Let me share with you a wonderful story from the book “Illusions” by Richard Bach
Once there lived a village of creatures along the bottom of a great river. The current of the river swept silently over them all – young and old, rich and poor, good and evil – the current going its own way, knowing its own self.
Each creature in its own manner clung tightly to the twigs and rocks of the river bottom, for clinging was their way of life, and resisting the current what each had learned from birth.
But one creature said at last, “I am tired of clinging. Though I cannot see it with my eyes, I trust that the current knows where it is going. I shall let go, and let it take me where it will. Clinging I shall die of boredom.”
The other creatures laughed, “Fool! Let go, and that current you worship will throw you tumbled and smashed across the rocks, and you will die quicker than boredom!”
But the one heeded them not, and taking a breath did let go, and at once was tumbled and smashed by the current across the rocks.
Yet, in time, as the creature refused to cling again, the current lifted him free from the bottom, and he was bruised and hurt no more.
And the creatures downstream, to whom he was a stranger, cried, “See a miracle! A creature like ourselves, yet he flies! See the Messiah, come to save us all!”
And the one carried in the current said, “I am no more Messiah than you. The river delights to lift us free, if only we dare let go. Our true work is this voyage, this adventure.”

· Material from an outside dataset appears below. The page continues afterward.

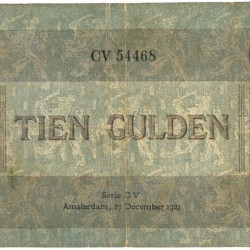 Nederland. 10 gulden. Arbeid en Welvaart. Type 1921. - Fraai / Zeer Fraai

But they cried the more, “Savior” all the while clinging to the rocks, and when they looked again he was gone, and they were left alone making legends of a savior.
Many times our lives as human beings are spent clinging for security. We cling to thousands of things. We cling, and we are afraid inside of ourselves to let go. Yet, if we re-examine our faith in God the good, the one, omnipotent power in our lives, we know it is safe to let go.

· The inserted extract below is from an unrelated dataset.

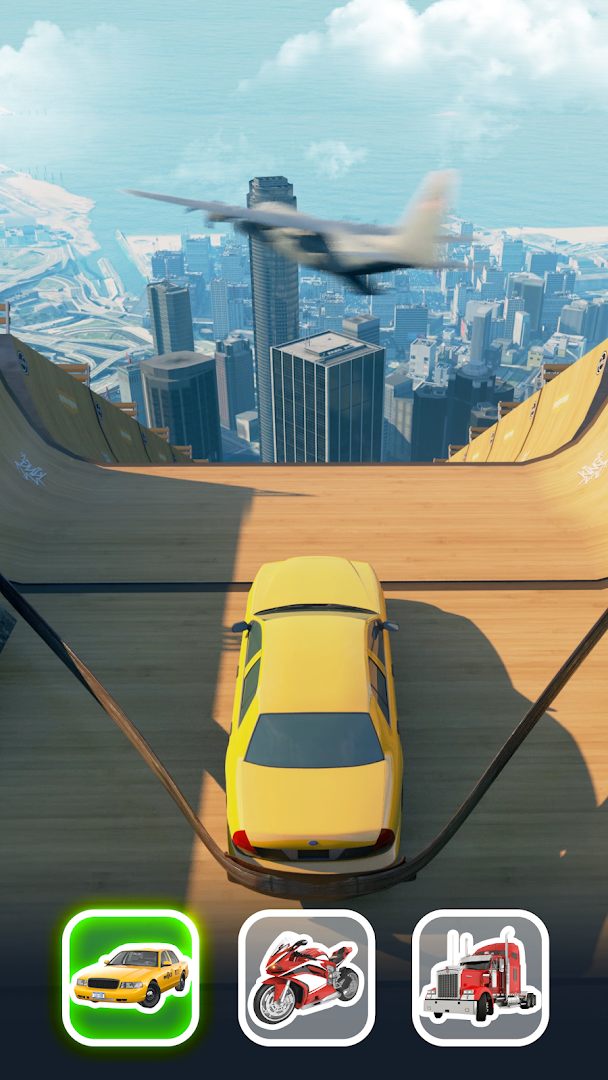 Mega Ramp Car Jumping PC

Where do we do this? We do it in consciousness. We let go of the fear, worry, and hurried feelings we have inside of ourselves, and we naturally rise to a higher state of mind. In Luke 17:20-21 Jesus said: “The kingdom of God is not coming with things that can be observed; nor will they say, “Look, here it is!” or “There it is!” For, in fact, the kingdom of God is within you.”
Do we have to die to enter the kingdom of heaven? No! Not at all! As a matter of fact, if we wait until we die, we’re missing the mark. Jesus’ whole teaching tells us that right now, for each of us individually, the kingdom of heaven is at hand. It can be had in the midst of our worry, in the midst of things that are not going right, or in the midst of a cemetery. We can just simply let go of the mourning and the sadness, and go with God. When we do so, we are lifted.
My friends, I pray that this Memorial day you experience an act of God. An act of God is not something terrible. An act of God is something that happens in you and through you. We feel an act of God more in a time of great depression and great struggle than we do other times. This is because we are more aware of the overwhelming good and the feelings that come inside of us.
Heaven within you is an act of God. Bliss within you is an act of God. Peace within you is an act of God. Stop clinging, release, and go to God.
Let us pray:
In this moment, I ask that I can be empowered with the kingdom of God inside of me. I let go of the sadness and sorrow I have held over any area of my life. I let go of the death-thought, and I start to live again.
But more than just living or existing, I ask for an infilling and an overspilling to others in my life. The joy, bliss, and peace of God knows no end.
Today, this entire weekend, is a turn-around time. I let go of sorrow and sadness. I stop clinging and I arise free and unencumbered. I do so through the power of God in and through me, and my willingness to say “Yes!” In Jesus Christ’s name . . . Amen.